Overview of SCHG Performance
The Schwab U.S. Large-Cap Growth ETF (SCHG) concludes 2025 with a solid 19.23% year-to-date total return as of late December. This performance positions it strongly among peers over three- and five-year periods. Investors value its low 0.04% expense ratio and $53.6 billion in assets under management.
SCHG tracks the Dow Jones U.S. Large-Cap Growth Total Stock Market Index, selecting stocks based on a blend of historical growth rates and forward projections. This methodology emphasizes high-quality companies with robust earnings potential, making it resilient in varied market conditions.
Investment Strategy and Portfolio Composition
The fund targets large-cap U.S. companies, drawing from the top 750 by market capitalization. Key metrics include projected P/E ratios, three-to-five-year EPS growth forecasts, dividend yields, price-to-book values, sales growth, and long-term earnings momentum. Growth-oriented holdings feature elevated valuations and lower yields compared to value counterparts.
Portfolio weights use float-adjusted market caps, with caps at 24% per security and 48% for larger groups during quarterly rebalances. Annual reconstitutions occur in September, ensuring dynamic alignment with market leaders.
Technology and Communication Services dominate, comprising 61% of assets. Top holdings include Nvidia (NVDA), Apple (AAPL), and Microsoft (MSFT). This concentration mirrors peers like Vanguard Growth ETF (VUG), SPDR S&P 500 Growth ETF (SPYG), and Invesco QQQ (QQQ), though SCHG shows relatively balanced exposure.
Performance Comparison
From March 2022 to November 2025, SCHG delivers an 86.63% total return, trailing only iShares MSCI USA Quality GARP ETF (GARP) at 95.05%. It excels in downside protection, evidenced by competitive Sortino ratios during the 2022 bear market.
Over its full history since 2010, SCHG outperforms many benchmarks, underscoring the enduring strength of quality growth factors. Recent data highlights a widening gap versus value ETFs in EPS growth (22.34% three-year CAGR for SCHG vs. lower for peers), signaling potential rotation risks.
Key Risks and Valuation Concerns
Despite strengths, SCHG faces elevated P/E ratios amid consensus expectations for over 24% EPS growth in the coming year.
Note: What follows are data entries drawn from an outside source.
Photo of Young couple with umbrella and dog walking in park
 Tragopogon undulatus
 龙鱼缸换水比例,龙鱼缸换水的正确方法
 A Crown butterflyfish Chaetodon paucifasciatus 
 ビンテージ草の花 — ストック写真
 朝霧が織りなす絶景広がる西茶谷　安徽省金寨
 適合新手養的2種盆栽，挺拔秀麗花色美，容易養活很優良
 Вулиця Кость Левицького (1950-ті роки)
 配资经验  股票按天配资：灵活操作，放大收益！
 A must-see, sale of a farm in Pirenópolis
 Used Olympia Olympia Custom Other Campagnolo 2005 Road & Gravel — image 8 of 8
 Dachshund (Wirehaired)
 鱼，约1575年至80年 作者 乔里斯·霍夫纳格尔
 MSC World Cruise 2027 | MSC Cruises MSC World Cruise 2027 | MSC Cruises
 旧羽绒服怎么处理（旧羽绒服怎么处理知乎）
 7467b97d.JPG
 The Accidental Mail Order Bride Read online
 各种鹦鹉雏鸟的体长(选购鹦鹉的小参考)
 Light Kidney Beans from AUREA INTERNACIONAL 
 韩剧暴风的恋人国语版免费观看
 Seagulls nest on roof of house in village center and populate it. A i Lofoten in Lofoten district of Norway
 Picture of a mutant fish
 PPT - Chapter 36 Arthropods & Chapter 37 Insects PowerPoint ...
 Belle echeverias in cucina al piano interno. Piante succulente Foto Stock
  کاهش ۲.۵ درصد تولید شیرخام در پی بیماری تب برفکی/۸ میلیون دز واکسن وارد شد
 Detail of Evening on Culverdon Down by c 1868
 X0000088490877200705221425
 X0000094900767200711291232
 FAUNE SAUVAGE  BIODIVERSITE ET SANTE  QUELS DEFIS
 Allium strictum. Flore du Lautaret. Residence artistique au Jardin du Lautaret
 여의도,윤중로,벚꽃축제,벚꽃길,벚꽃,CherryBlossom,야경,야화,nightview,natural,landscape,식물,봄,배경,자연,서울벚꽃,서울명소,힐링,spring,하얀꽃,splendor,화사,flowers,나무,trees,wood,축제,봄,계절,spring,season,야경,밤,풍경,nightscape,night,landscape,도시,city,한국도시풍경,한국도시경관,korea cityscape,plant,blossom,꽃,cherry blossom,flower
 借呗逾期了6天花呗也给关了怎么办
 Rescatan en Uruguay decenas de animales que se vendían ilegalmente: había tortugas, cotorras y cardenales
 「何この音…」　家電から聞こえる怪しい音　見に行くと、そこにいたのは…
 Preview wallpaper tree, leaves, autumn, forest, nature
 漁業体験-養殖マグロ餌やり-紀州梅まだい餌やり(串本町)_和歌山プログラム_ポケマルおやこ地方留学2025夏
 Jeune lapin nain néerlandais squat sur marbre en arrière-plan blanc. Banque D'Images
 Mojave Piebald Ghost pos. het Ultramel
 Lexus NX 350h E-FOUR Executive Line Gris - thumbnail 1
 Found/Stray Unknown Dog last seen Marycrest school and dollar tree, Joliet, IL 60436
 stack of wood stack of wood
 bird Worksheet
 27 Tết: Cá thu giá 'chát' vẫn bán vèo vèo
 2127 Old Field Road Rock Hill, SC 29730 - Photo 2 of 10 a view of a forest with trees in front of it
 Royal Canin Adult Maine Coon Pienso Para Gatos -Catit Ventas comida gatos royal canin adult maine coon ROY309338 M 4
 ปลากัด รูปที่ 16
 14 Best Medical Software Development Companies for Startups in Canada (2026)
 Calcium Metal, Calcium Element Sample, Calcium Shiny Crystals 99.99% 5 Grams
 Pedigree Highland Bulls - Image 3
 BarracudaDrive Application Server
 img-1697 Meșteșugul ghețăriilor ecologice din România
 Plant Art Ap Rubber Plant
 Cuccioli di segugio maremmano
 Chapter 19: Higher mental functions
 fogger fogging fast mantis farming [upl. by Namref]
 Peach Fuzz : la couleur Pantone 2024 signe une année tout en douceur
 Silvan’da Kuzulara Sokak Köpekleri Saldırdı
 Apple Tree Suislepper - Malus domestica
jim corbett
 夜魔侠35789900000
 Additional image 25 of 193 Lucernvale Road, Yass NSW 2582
Earnings disappointments could trigger volatility, particularly with decelerating surprises. Peers like SPYG incorporate price momentum, boosting 2025 gains but heightening reversal risks.
High tech weighting exposes the fund to sector-specific headwinds, such as shifts away from growth stocks. Complements like GARP (51.84% overlap) or Capital Group Growth ETF (CGGR, 49.43% overlap) offer diversification while maintaining growth focus.
Outlook for 2026
SCHG merits a hold rating heading into 2026, bordering on buy for long-term investors tolerant of near-term fluctuations. Its quality tilt and historical resilience support sustained outperformance, though prudent pairing with lower-valuation growth options mitigates risks.